Doch das Haus ist ein Gastgeber ohne Vorurteil, jede neue Welt, jede neue Sprache heißt das Haus willkommen.
Besondere Zuneigung entwickelt es zu drei Mädchen: Ruth, Irma und Nele. Drei Leben, zwei gestern, eine heute, eines lang, eines kurz, eines noch im Werden.
Das Haus fühlt mit ihnen. Es freut sich und leidet mit ihnen, möchte beschützen, kann aber nicht eingreifen. Es bleibt Zeuge und Zeugnis.
Wenn ein Satz die Vergangenheit aufsprengt
Dann sprengt ein einziger Satz die Vergangenheit auf. Gerade hat Nele im Geschichtsunterricht etwas über die Nazis gehört, kommt das Satz zu ihr: „Das war in deiner Familie nicht anders.“
Ungläubig beginnt sie zu graben, Schicht um Schicht in der eigenen Familie freizulegen.

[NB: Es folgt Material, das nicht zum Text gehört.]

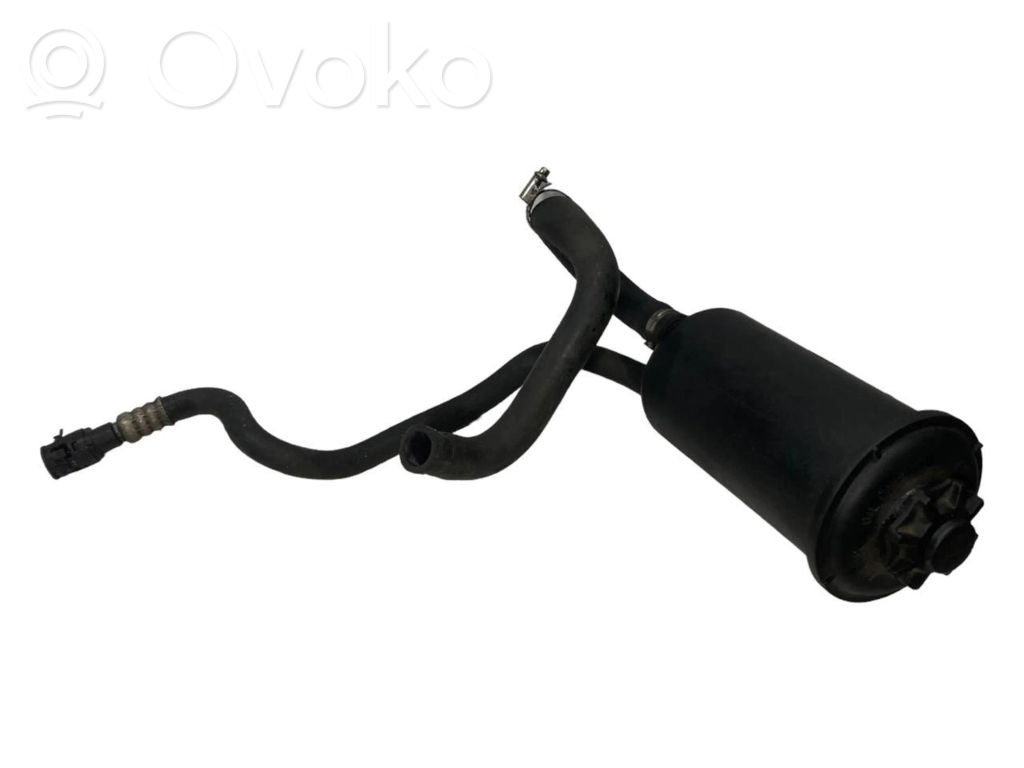 Stūres pastiprinātāja šķidruma tvertne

Und Szántó verdichtet Neles Erkenntnis in einen Satz:
„So rasch wird Handeln Erinnerung und Erinnerung Ignoranz.“ (S. 198)

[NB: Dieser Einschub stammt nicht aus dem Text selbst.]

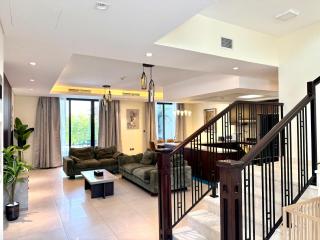 3BR Ensuite Villa in Motor City - ShamsGetaways - 9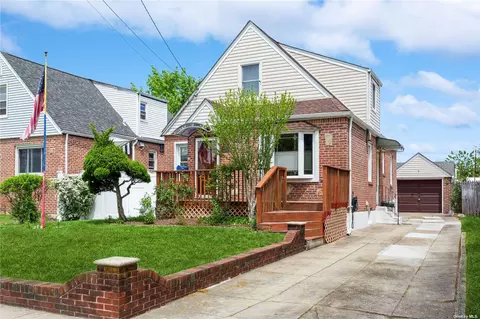 122 Alden Ave, Valley Stream, NY 11580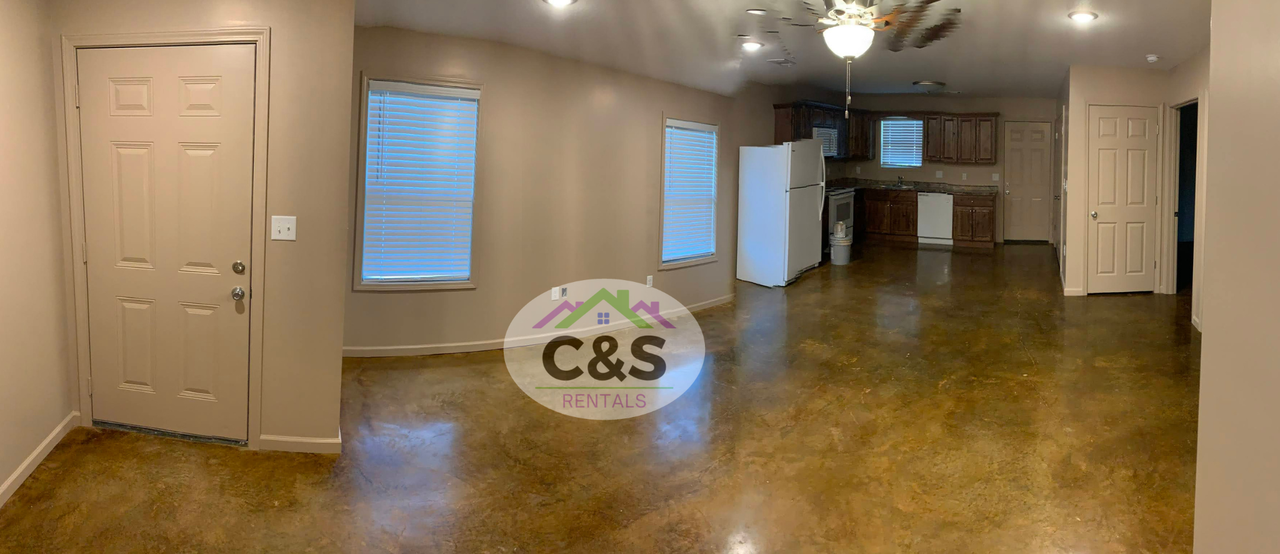 601 N 12th St #4 - Photo 3 of 21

Während die Eltern verstummen, sprechen die Wände weiter. Sie wissen, was damals geschah und was heute wieder geschieht. „Da liegt was in den Ritzen. So wie der Schimmel am Saum der Fuge überdauert, wenn nicht gründlich gescheuert wird.“ (S. 83)
Ein Satz, eine Warnung: brauner Dreck bereinigt sich nicht von selbst.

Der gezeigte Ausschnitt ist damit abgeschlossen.